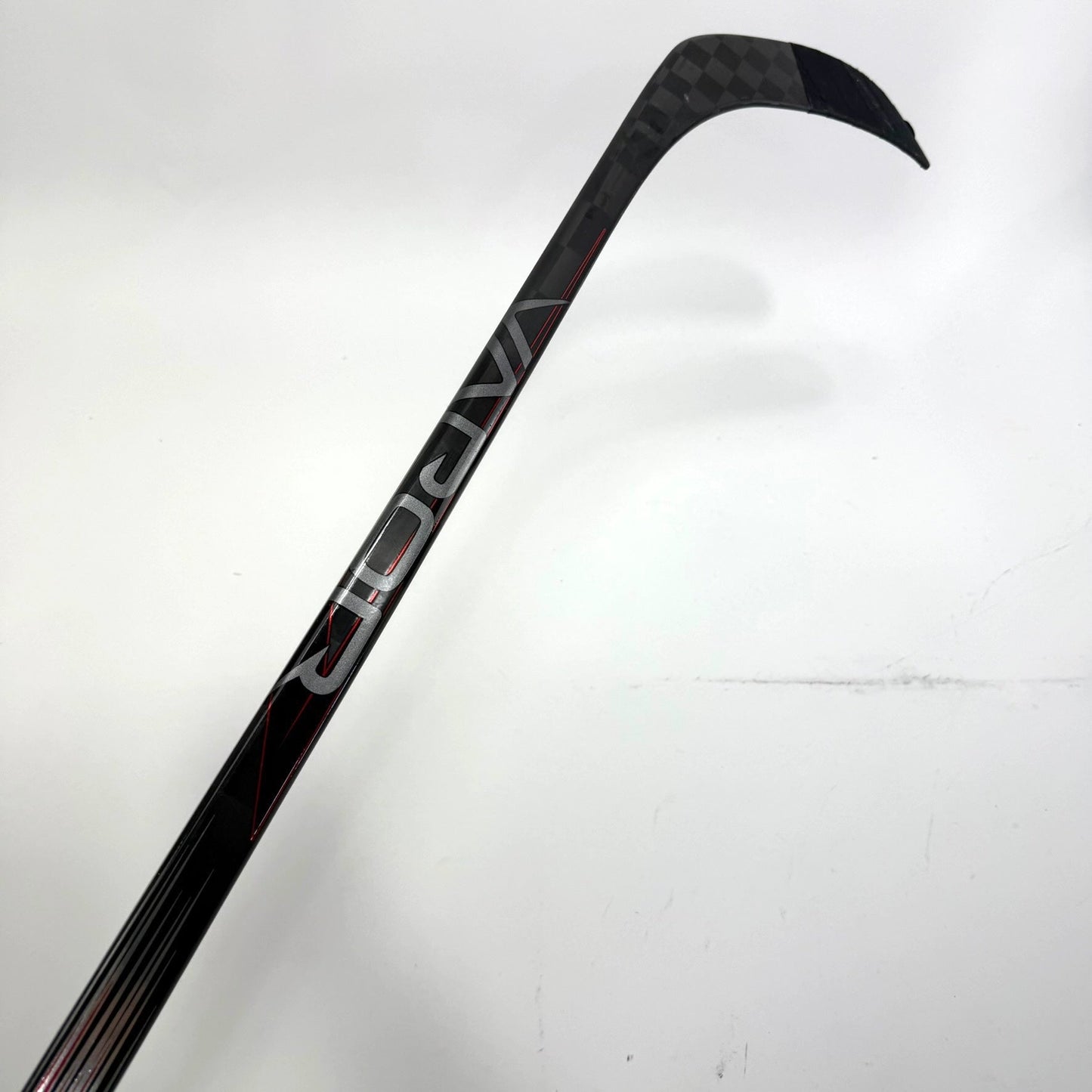 Used Left Red Bauer Vapor Hyperlite 2 | 87 Flex P28 Curve Grip | Ilya Mikheyev | BH191 - Top Flight Hockey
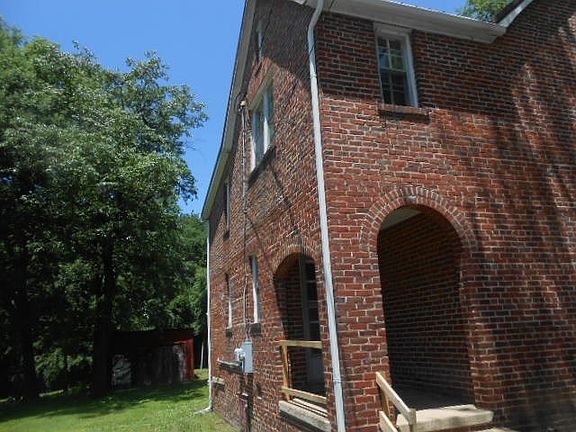 2nd image of 1100 Edmunds St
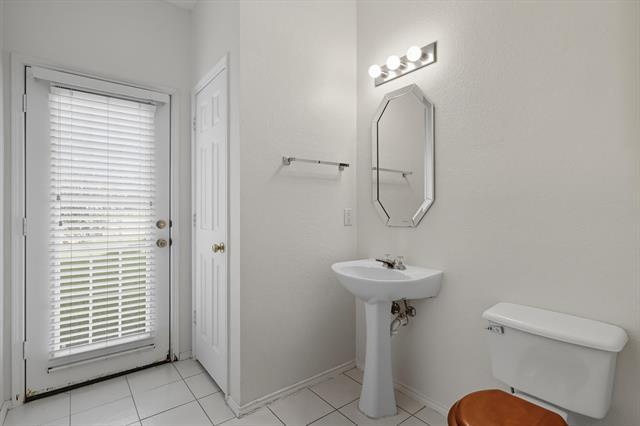 Building Photo - 7875 Parkmount Ct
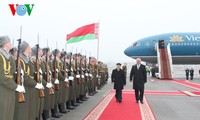 Party leader Nguyen Phu Trong begins Belarus visit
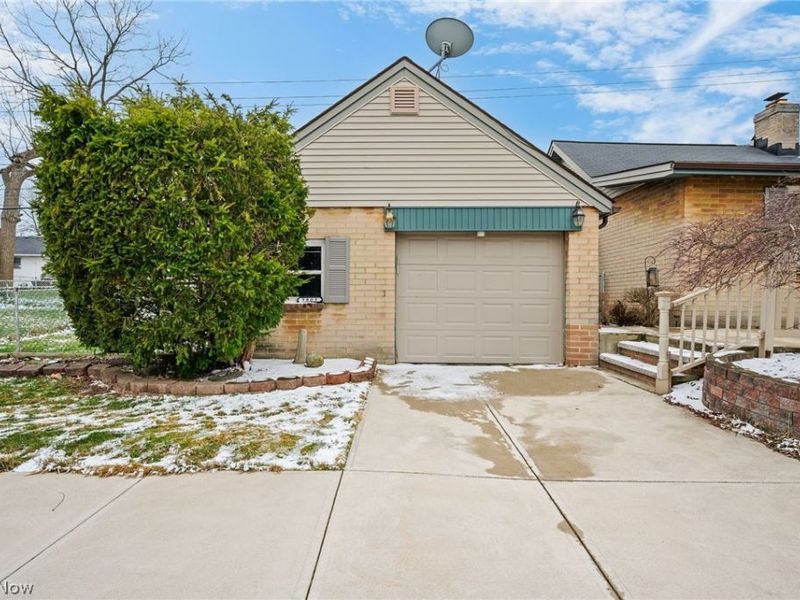 3803 Center Drive, Parma, OH 44134 Photo 4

> ACTIVITY:
Repeat the listing above in full, exactly, and omit its pictures.

> ANSWER TO THE PROBLEM:
 Used Left Red Bauer Vapor Hyperlite 2 | 87 Flex P28 Curve Grip | Ilya Mikheyev | BH191 - Top Flight Hockey
 2nd image of 1100 Edmunds St
 Building Photo - 7875 Parkmount Ct
 Party leader Nguyen Phu Trong begins Belarus visit
 3803 Center Drive, Parma, OH 44134 Photo 4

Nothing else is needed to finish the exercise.